17. Memorandum From the Special Assistant to the Deputy Assistant Secretary of State for Inter-American Affairs (Hill) to the Deputy Assistant Secretary of State for Inter-American Affairs (Snow)1

SUBJECT

  • US Military Policy Towards Latin America

(I)

1.
It appears to me desirable for ARA to use the current revision of the “US Policy toward Latin America” (NSC 5613/1)2 as an opportunity to seek a clarification of US policy with respect to military assistance for the other American republics. The present policy, expressed in paragraphs 31–46 and especially in paragraphs 32–34, appears to be inconsistent in some respects with existing legislation and to omit the factors which are basic to our consideration of the extent and type of military assistance we should grant to the republics to the south. As a result, much of the justification for our specific Latin American country [Page 147]programs seems to have been contrived on a basis of fiction which misleads and confuses the Executive Branch of the Government more than it does the other American republics, the press, or the Congress.
2.
A principal danger of the present policy formulation and the procedures which flow from it is that, if strictly and impartially applied, they would automatically and continuously involve the United States in the internal affairs of the American republics which receive military aid from us. Under paragraph 33, as interpreted by General Cutler’s memorandum of October 31,3 the maintenance of “internal security” is one of the “limited missions” which would qualify for US grant aid.
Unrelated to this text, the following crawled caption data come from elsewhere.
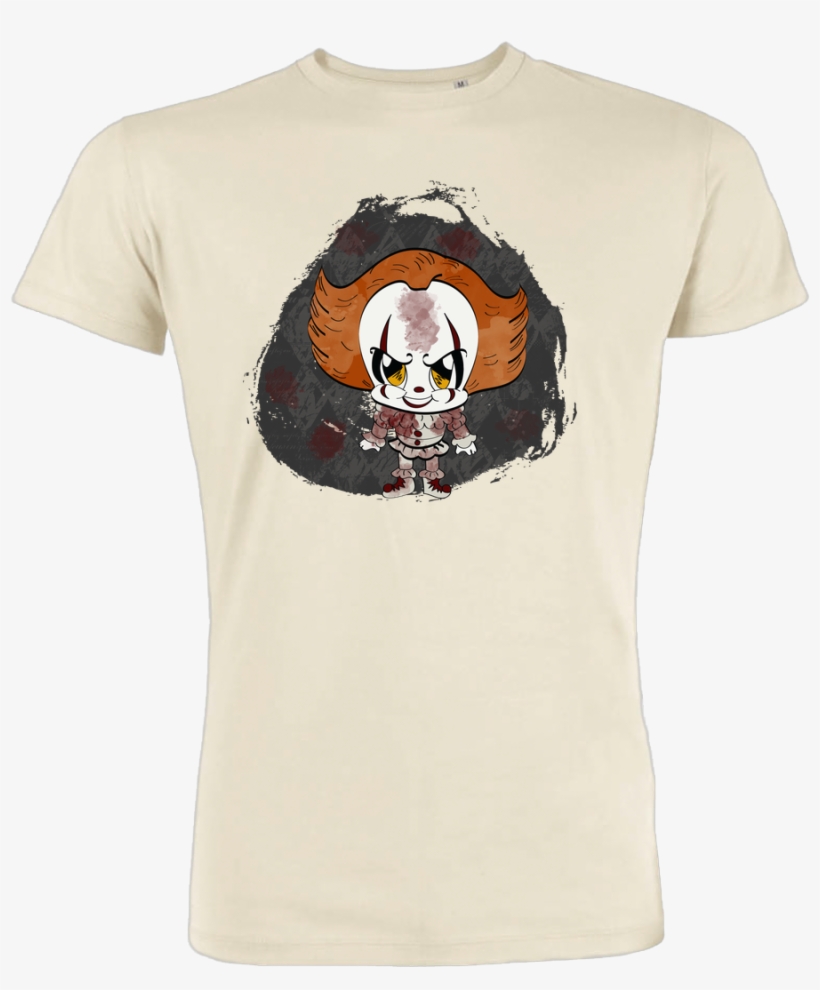 Blackmoon Cutie Pennywise T Shirt Stanley T Shirt Beige - T-shirt, transparent png download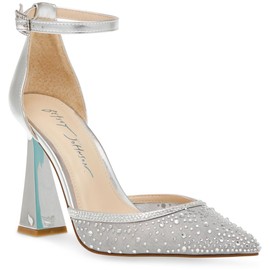Betsey Women's Viola Pump, Silver, 8.5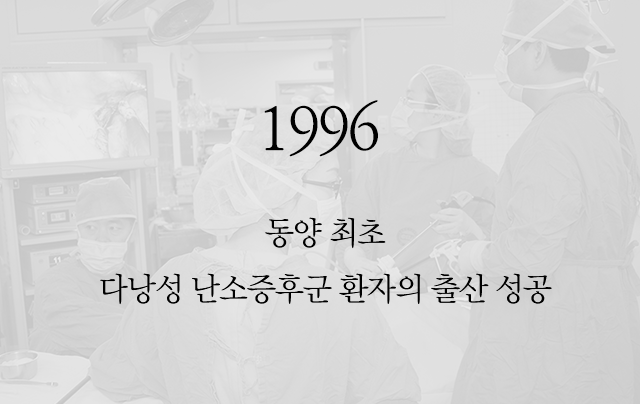 1996 동양 최초 다낭성 난소증후군 환자의 출산 성공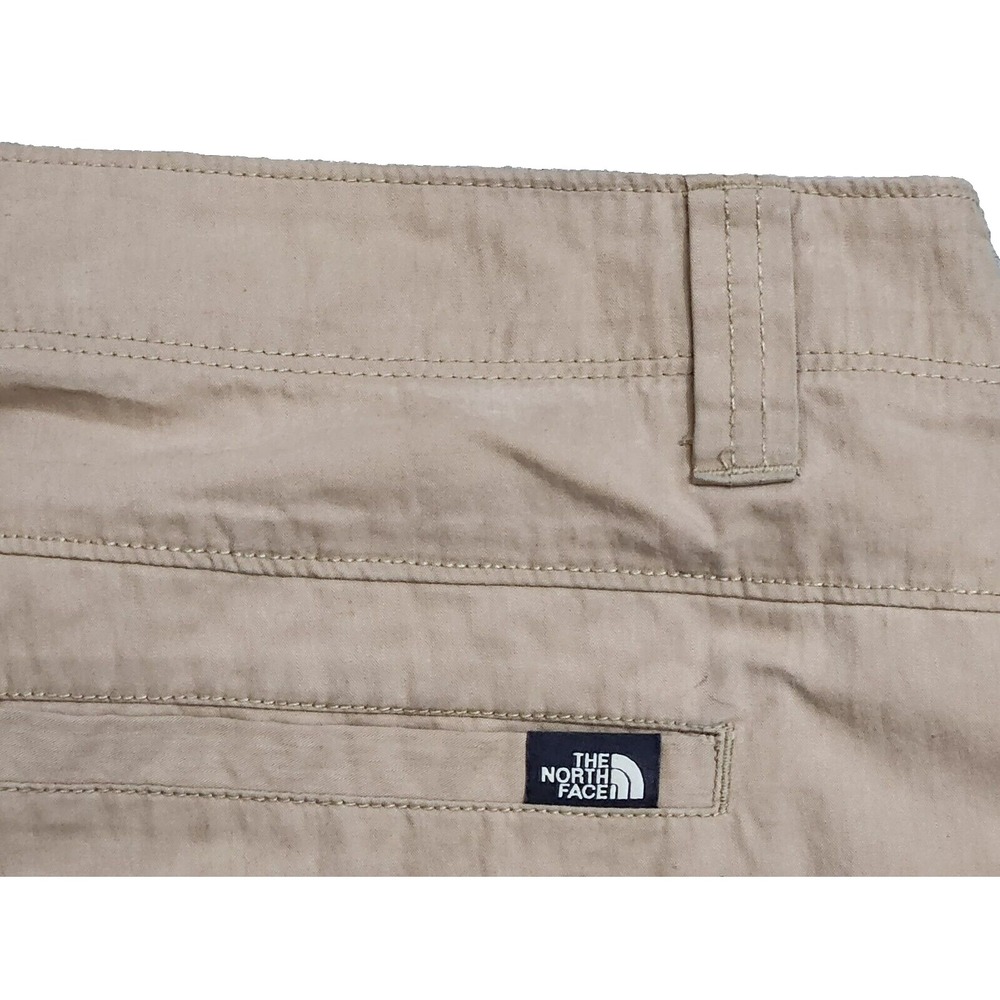 The North Face Cargo Shorts Men's 34 Beige Cotton Nylon Outdoor Lightweight - Picture 6 of 10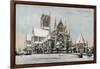 Lincoln Cathedral in the Snow-null-Framed Photographic Print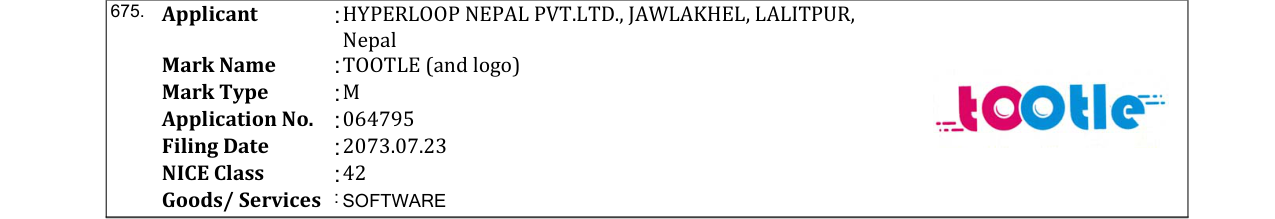 Original bulletin entry for TOOTLE (and logo)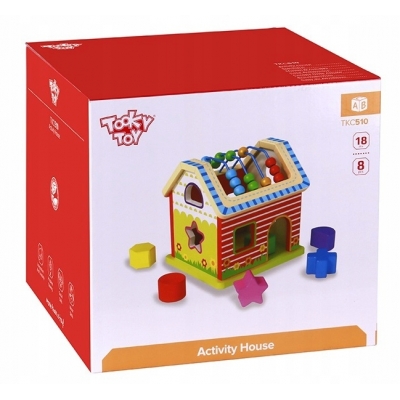 Drewniany domek sorter z klockami TKC510 Tooky Toy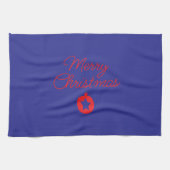 towel with Christmas writing Geschirrtuch (Horizontal)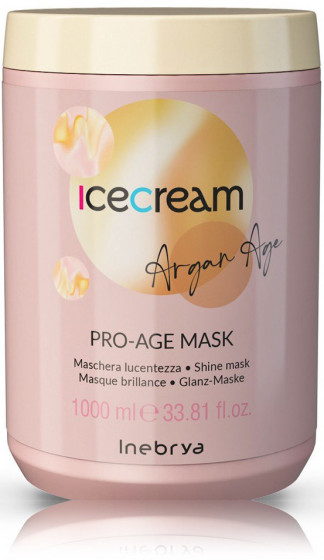 Inebrya Argan Oil Pro Age Mask - Маска с аргановым маслом для окрашенных волос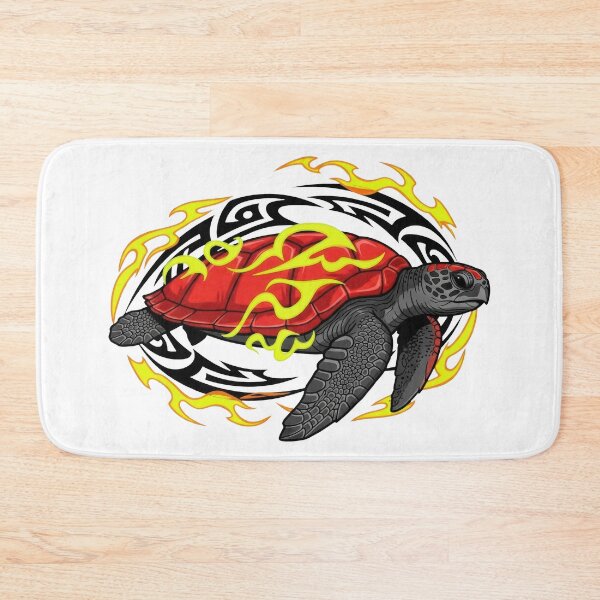 Item preview, Fiery Sea Turtle Tribal Flames Ocean Graphic Art designed and sold by zoughlal.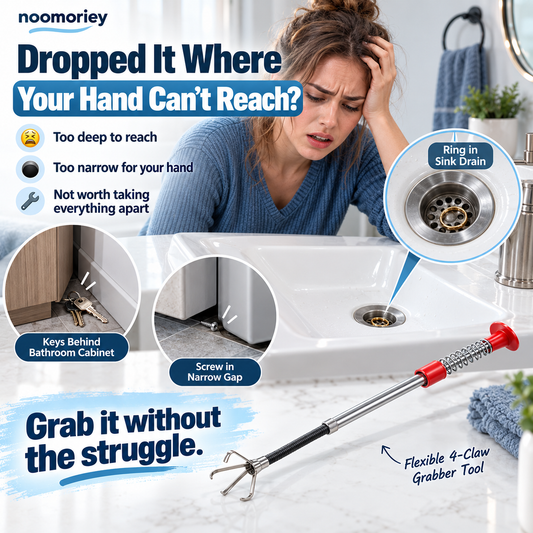 Flexible 4-Claw Grabber Tool Bendable Pickup Tool for Hard-to-Reach Spaces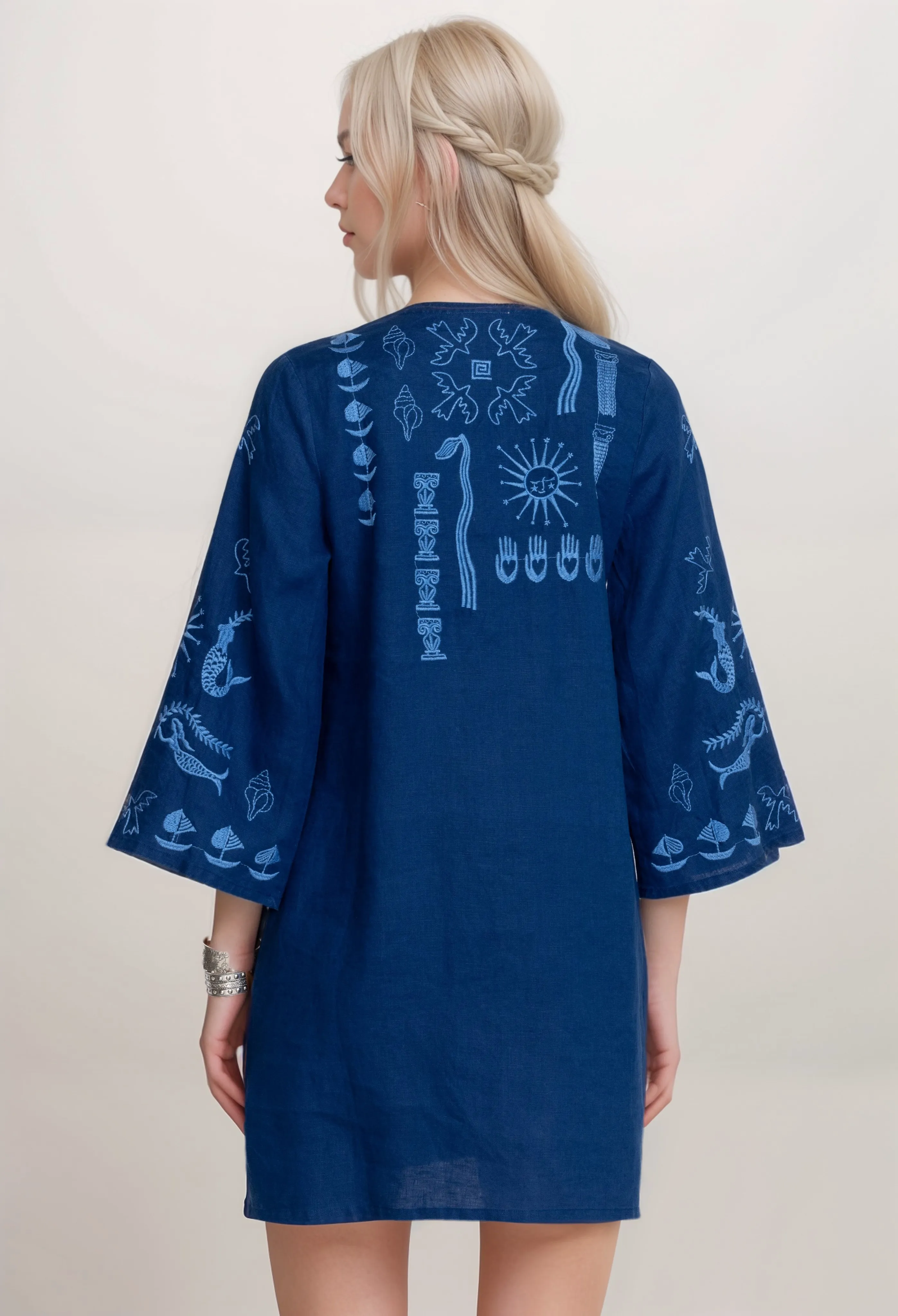 Johnny Was JWLA Acantha Kimono Sleeve Relaxed Dress J31224 Boho Chic *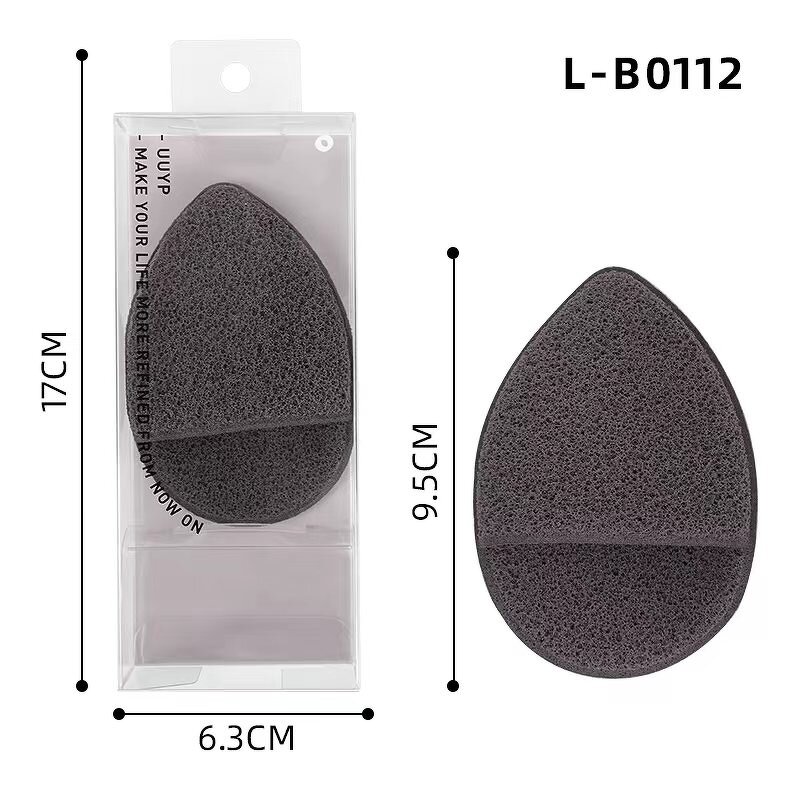 Facial Cleaning Sponge - Hot Sale Non Latex Drop-Shaped Honeycomb Mesh Puff Pad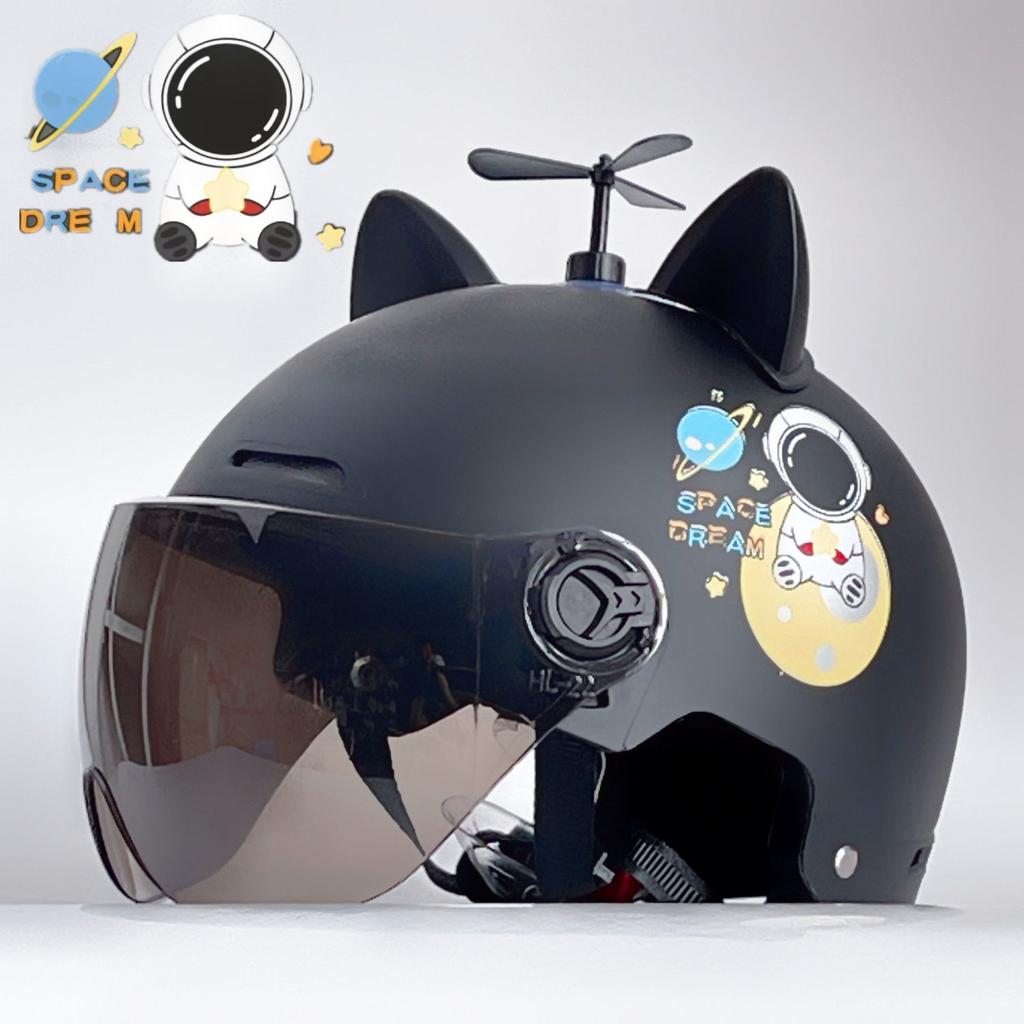 Helmet Electric Car Men and Women Sun Protection Four Seasons Universal Electric Car Bamboo Dragonfly Half Helmet Summer Hood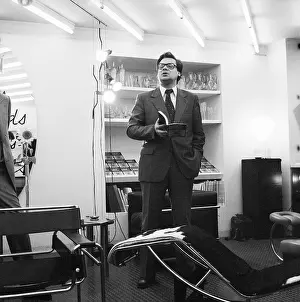 Busek: Erhard Busek during a book-presentation in the designshop Section N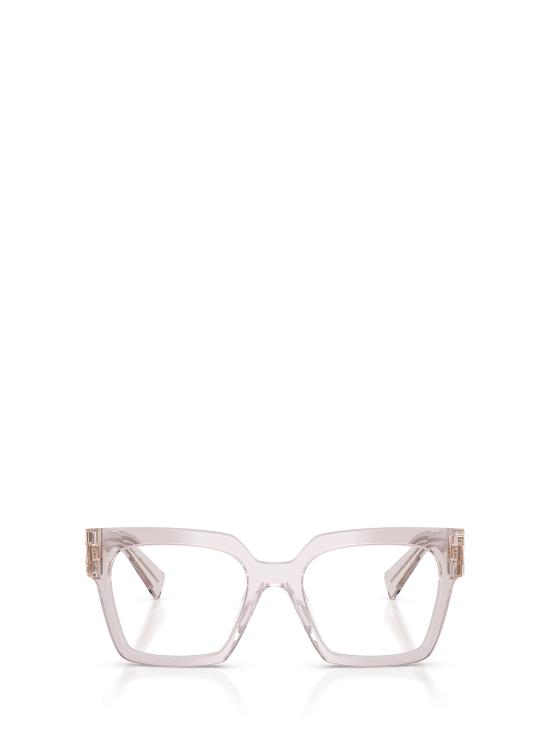 26FW 미우미우 안경 MU 04UV 12W1O1 TRANSPARENT MAUVE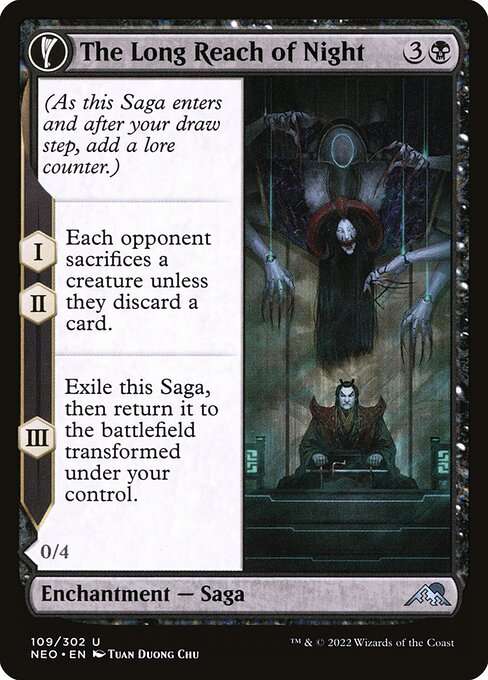 The Long Reach of Night // Animus of Night's Reach [Foil]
However, our military assistance agreements provide for consultation with the US prior to the utilization of such grant aid, thus imposing on ourselves the duty of making a determination in each case as to what internal security action is or is not within the purview of proper “limited missions.” In other words, we say on one hand that we should grant aid for internal security purposes and on the other that grant aid should not be used for this purpose without prior consultation.
3.
The position is further confused by the Morse Amendment recently adopted by the Congress. This provides, in essence, that aid should not normally be granted to Latin American countries for internal security, and the Senate report made it clear that what was meant was that aid should be given only in exceptional cases. Thus, there has come to be a divergence between the NSC position which generally legitimizes “internal security” as a basis for military aid and the legislative position which would require a specific finding of exceptional circumstances. In addition, further confusion is introduced by the placement of the justification (paragraph 37) for aid to the police, constabulary, etc., in the “Military” courses of action of the policy paper.
4.
Meanwhile, the position was reached in NSC 5613/1 that only in “exceptional cases” should the US be prepared to accept participation by a Latin American country in combined operations in the ocean approaches to the hemisphere and, specifically, to the Canal. Thus the position is logically reduced to eliminating the Latin American military programs, unless we can find an “exceptional” internal security condition or an “exceptional” need for participation in combined operations for hemisphere defense. How many such “exceptions” could we find in good conscience?
5.
From such information as is readily available, it appears that what has in fact happened is that we have improvised justifications— especially for ground forces—which have allowed us to do what was considered necessary but which would not stand up to close policy [Page 148]scrutiny. These justifications may, in fact, some day cause us acute embarrassment if there is a searching inquiry by the press or the Congress. For instance, it appears that our ground force aid to Cuba technically rests on a concept that Cuban ground forces would assist in the defense of the Canal, thus making Cuba eligible for grant aid for combined operations. However, is it really the desire or intent of our Chiefs of Staff to use Cuban forces for this purpose? In Ecuador, it appears, our military program rests on an initial justification that Ecuador should be provided with an anti-aircraft unit in order to participate in Canal defense; later, when the AA unit turned out to have insufficient martial-appeal for Ecuador, it was decided to support an infantry unit instead. On what “combined operation” concept would we find ground forces aid to Guatemala rests?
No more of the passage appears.